**WHAT TO PRODUCE**:
Would you retype the entries from the first line to the line bearing "Poster Maitre Gims", both included, leaving out every picture?

[MATERIALS PROVIDED]

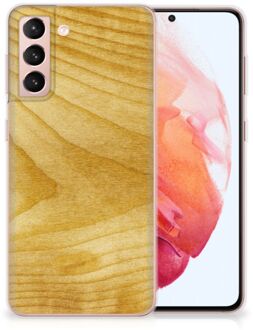 B2Ctelecom GSM Hoesje Samsung Galaxy S21 Cover Case Licht Hout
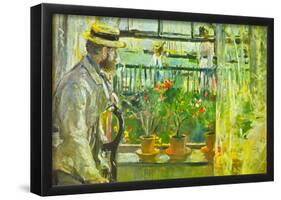 Berthe Morisot Eugene Manet on the Isle of Wight Impressionsit Art Print Poster-null-Framed Poster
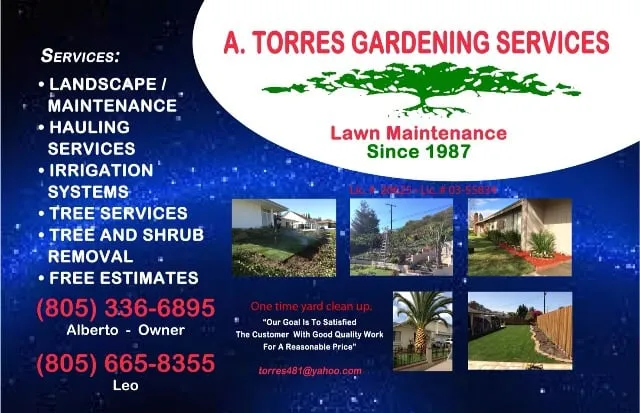 Affordable garden landscaping for homes in Oxnard, CA by A Torres Landscape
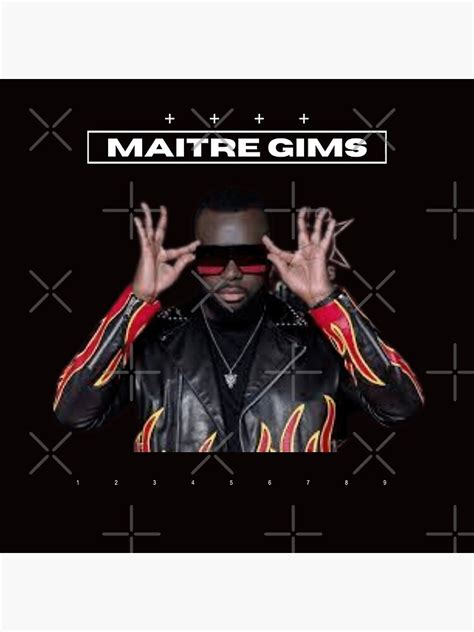 Poster Maitre Gims Gims Amoureau Par Merwane2005 Redbubble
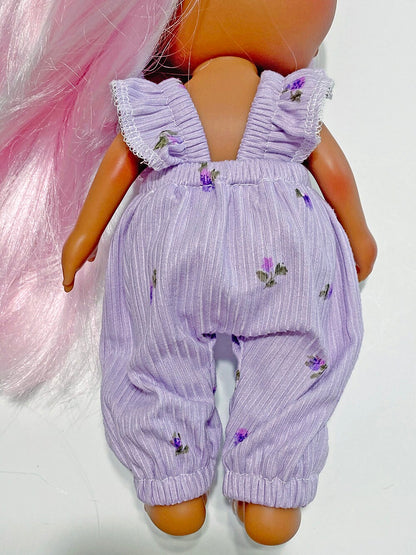 Mia Doll Ruffle Strap Romper to fit 12" Nines d' Onil Doll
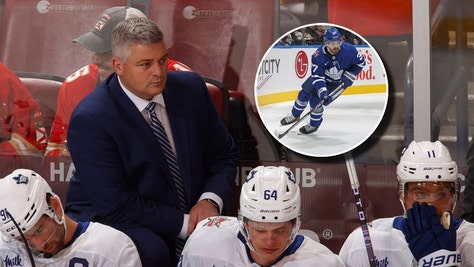 Sheldon Keefe head coach of the Leafs and Timothy Liljegren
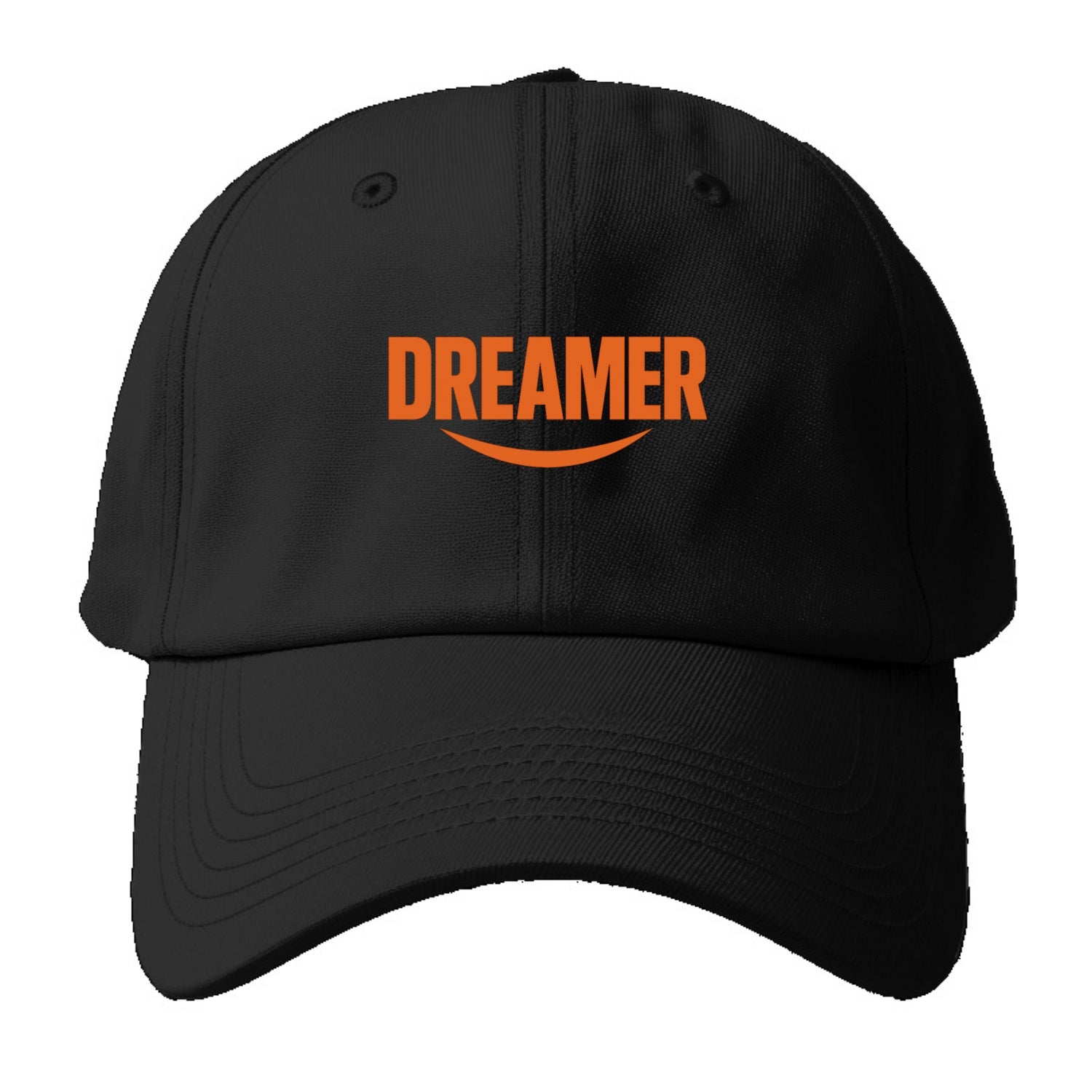 Bold typography design - "DREAMER" - imagination, seeing possibilities - Baseball Cap For Big Heads - Black
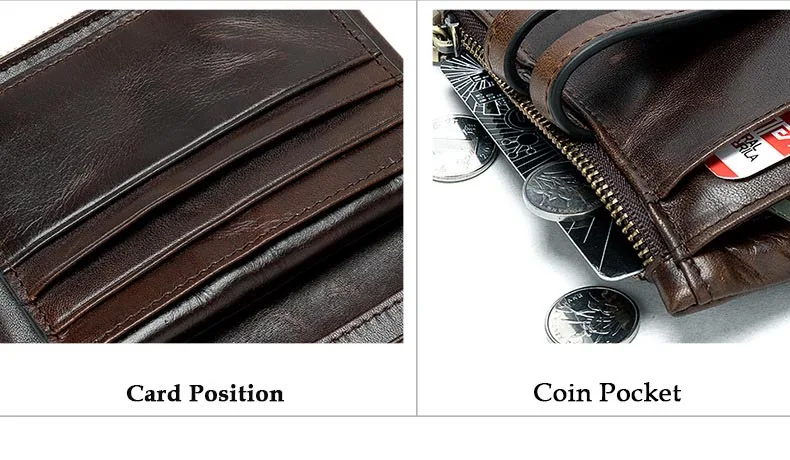 Бренд GO-LUCK, мужской кошелек из натуральной кожи на застежке, с карманами на молнии, держатель для кредитных карт, Чехол для карт, кошельки, мужская сумка для монет, кошелек в винтажном стиле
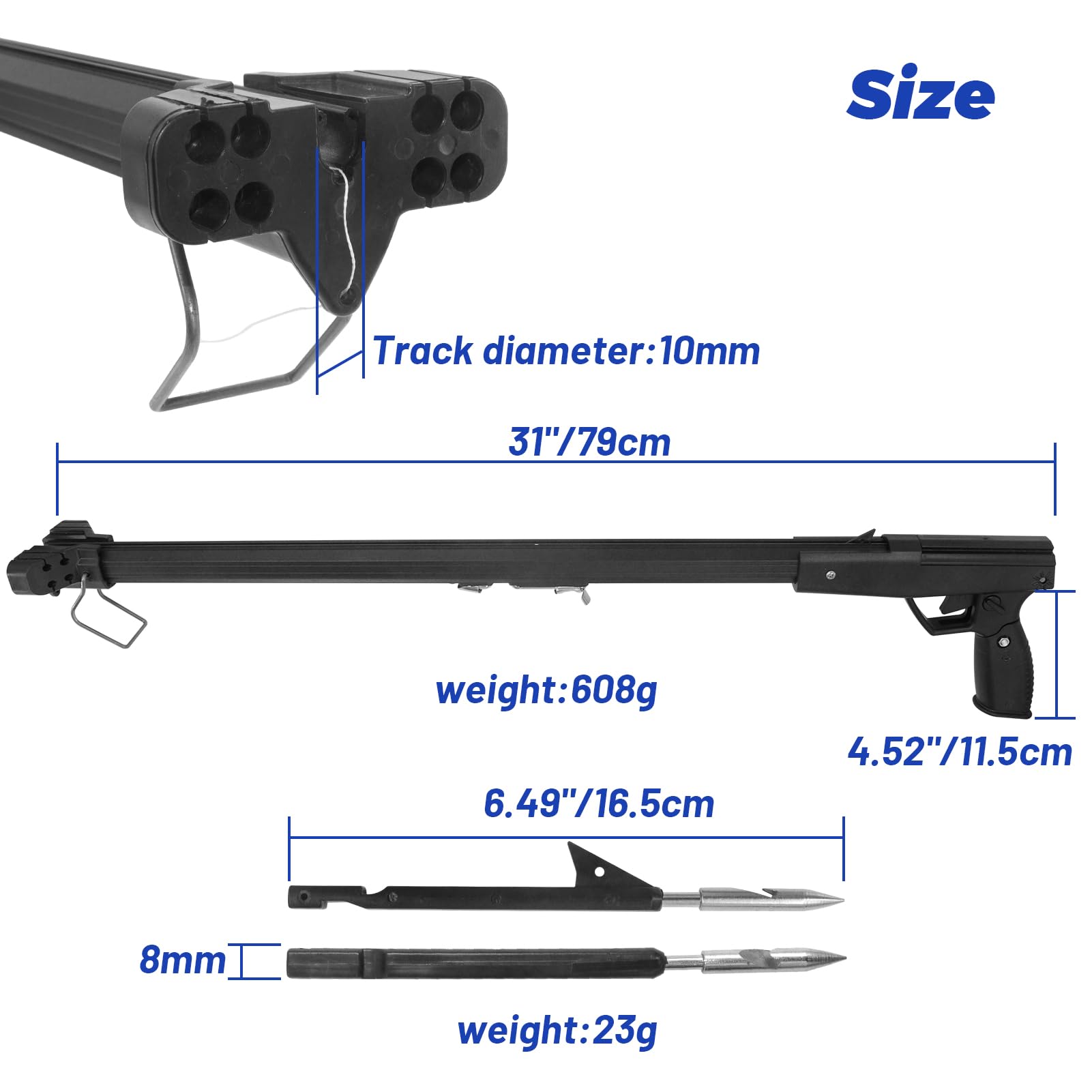 Hidden dart track on ZHUOCE slingshot enhances aiming safety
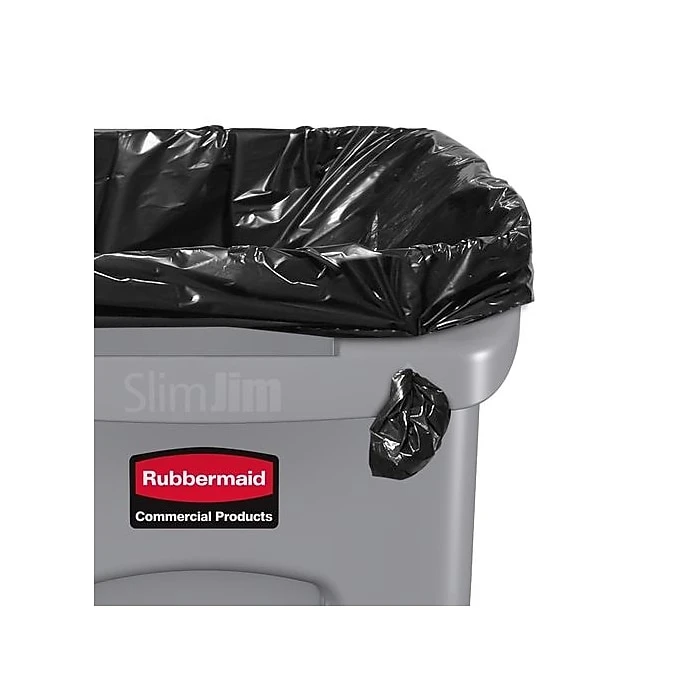 Rubbermaid Slim Jim Vented Rectangular Trash Can Waste Receptacle, 23 Gallons, Gray (FG354060GRAY) - Image 4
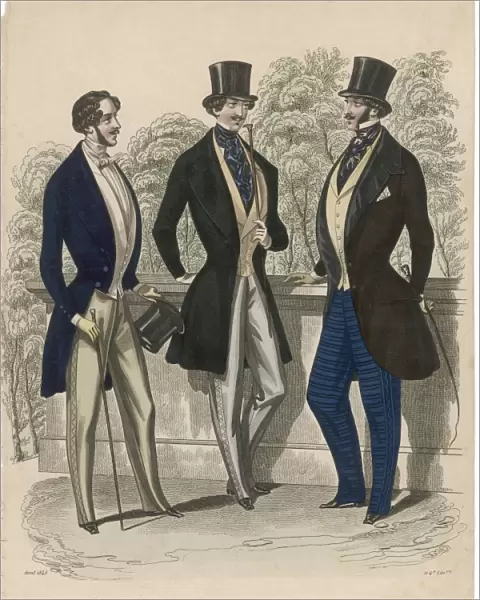 Fashion Plate  /  1845  /  Men
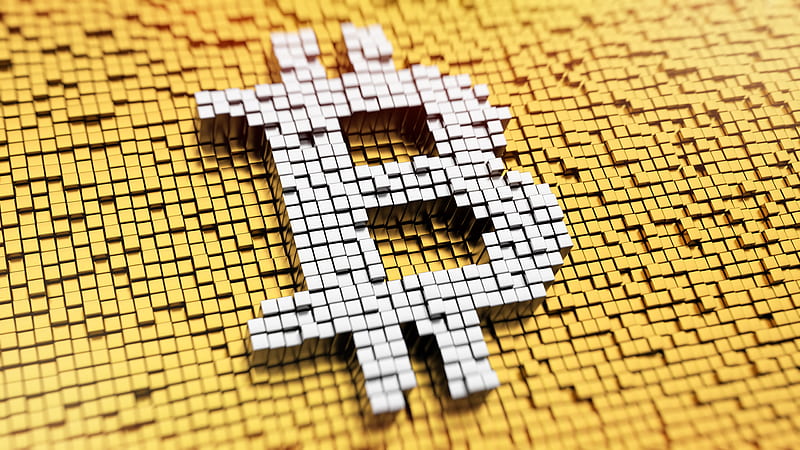 Bitcoin 3d, bitcoin, currency, logo, HD wallpaper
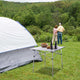 TheDisplayOutlet Folding Camping Table Roll Up Aluminum 27"x28" Image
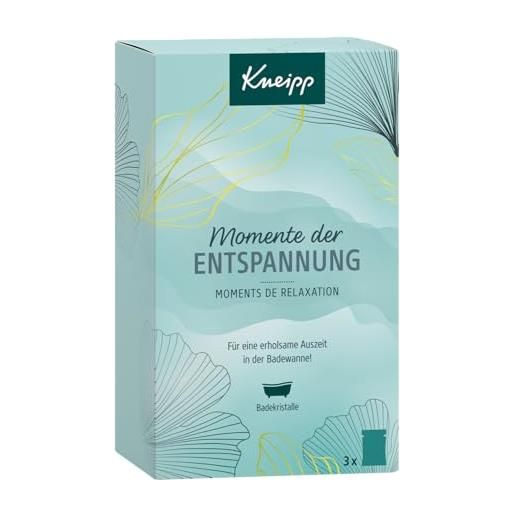 Kneipp set regalo momenti di relax - cristalli da bagno selezionati bestseller (1 x 60 g): relax profondo, relax pur & goodbye stress - piccola attenzione e pensierino ideale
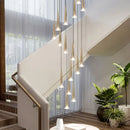 Ljojo Luxury Crystal LED Staircase Chandelier - Creative Long Stair Lighting Fixtures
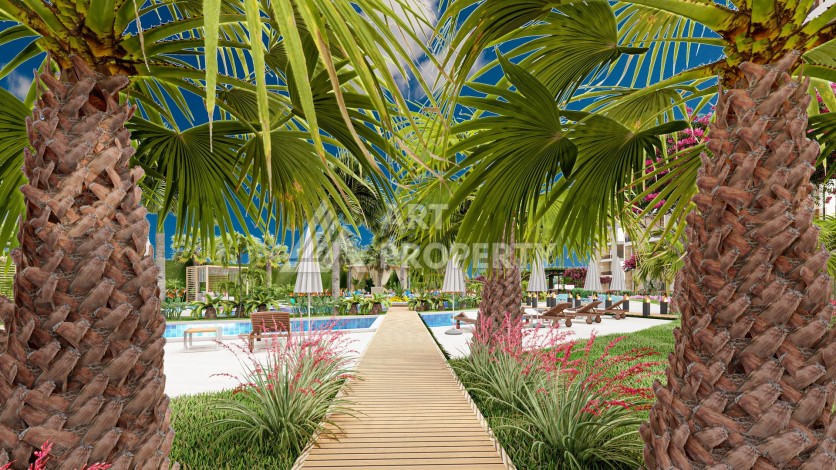 Новый потрясающий проект в районе Оба, квартиры 51-134 кв.м. - Ракурс 3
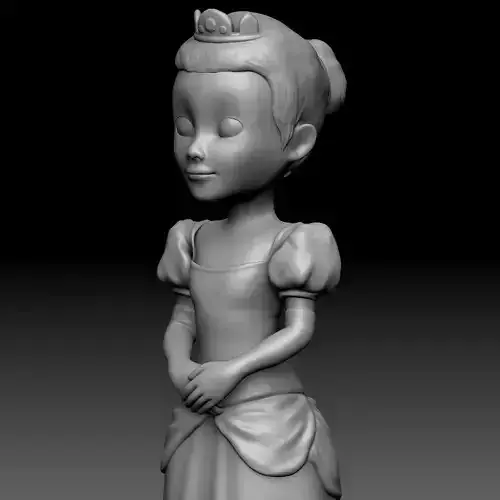 3D Printable Little Princess 3D print model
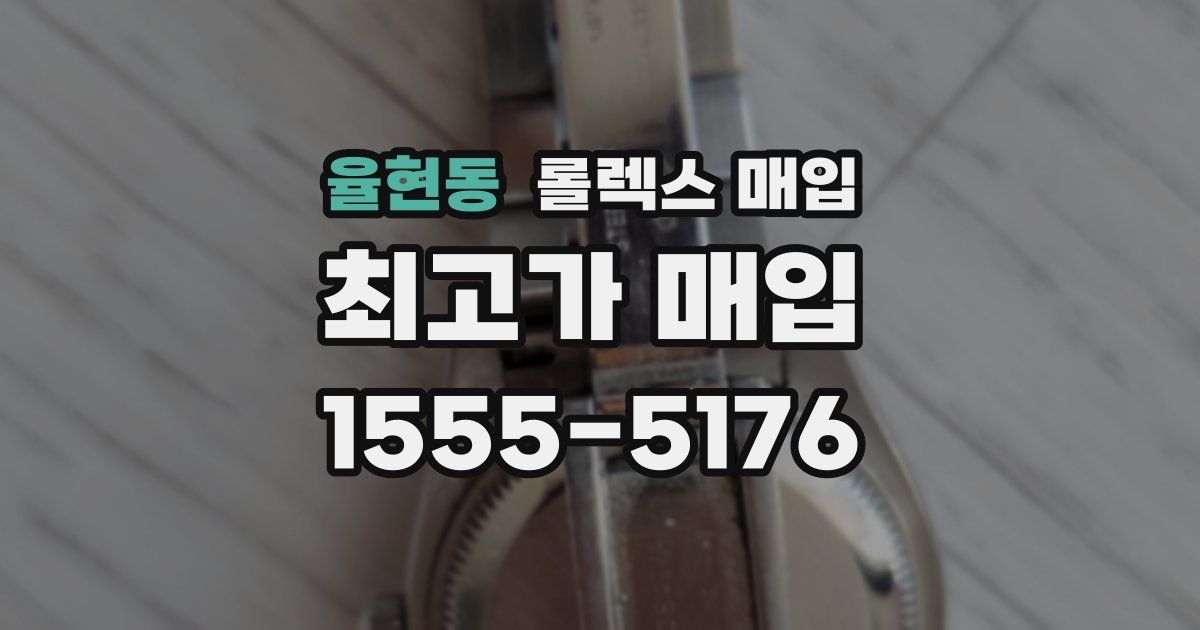 율현동 롤렉스 매입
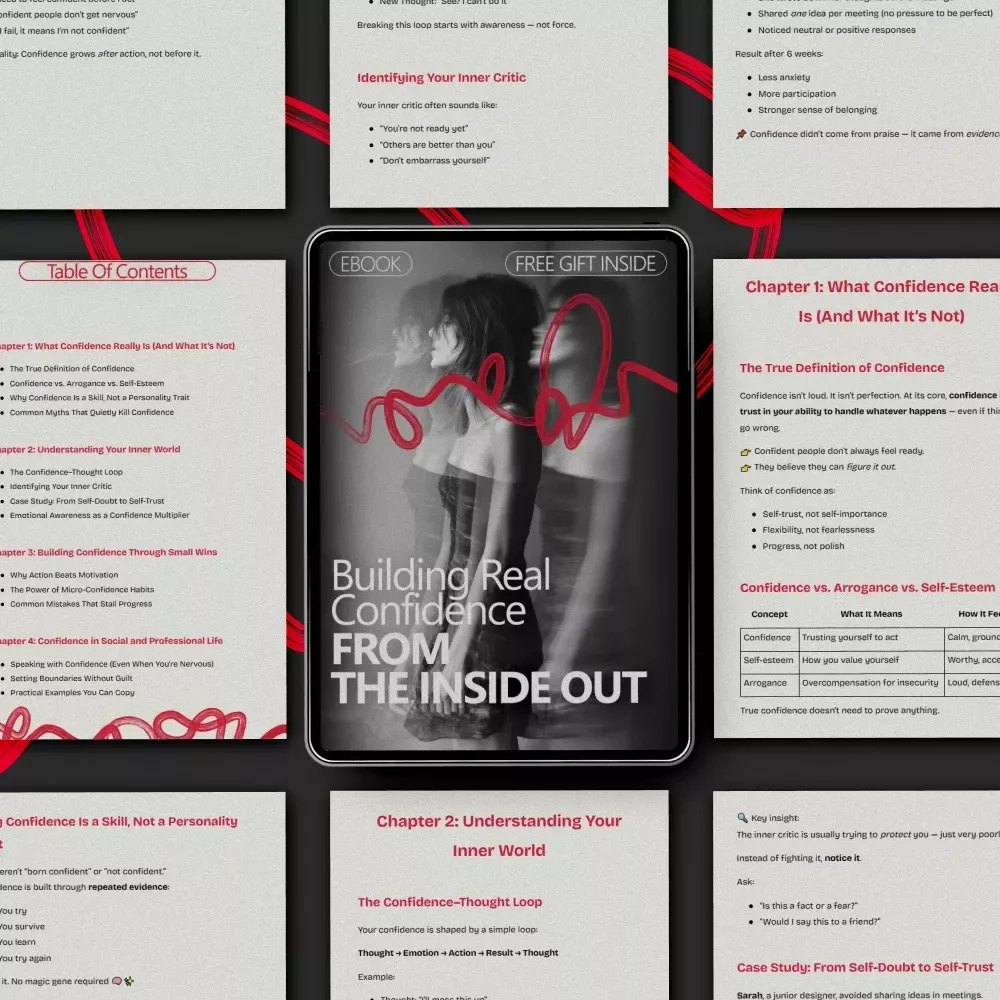 Building Real Confidence (From the Inside Out) | Practical Ebook on How to Build Confidence in Yourself | Mindset, Self-Talk & Personal Growth Guide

[/MATERIALS PROVIDED]

**ANSWER BELOW**:
 B2Ctelecom GSM Hoesje Samsung Galaxy S21 Cover Case Licht Hout
 Berthe Morisot Eugene Manet on the Isle of Wight Impressionsit Art Print Poster-null-Framed Poster
 Affordable garden landscaping for homes in Oxnard, CA by A Torres Landscape
 Poster Maitre Gims Gims Amoureau Par Merwane2005 Redbubble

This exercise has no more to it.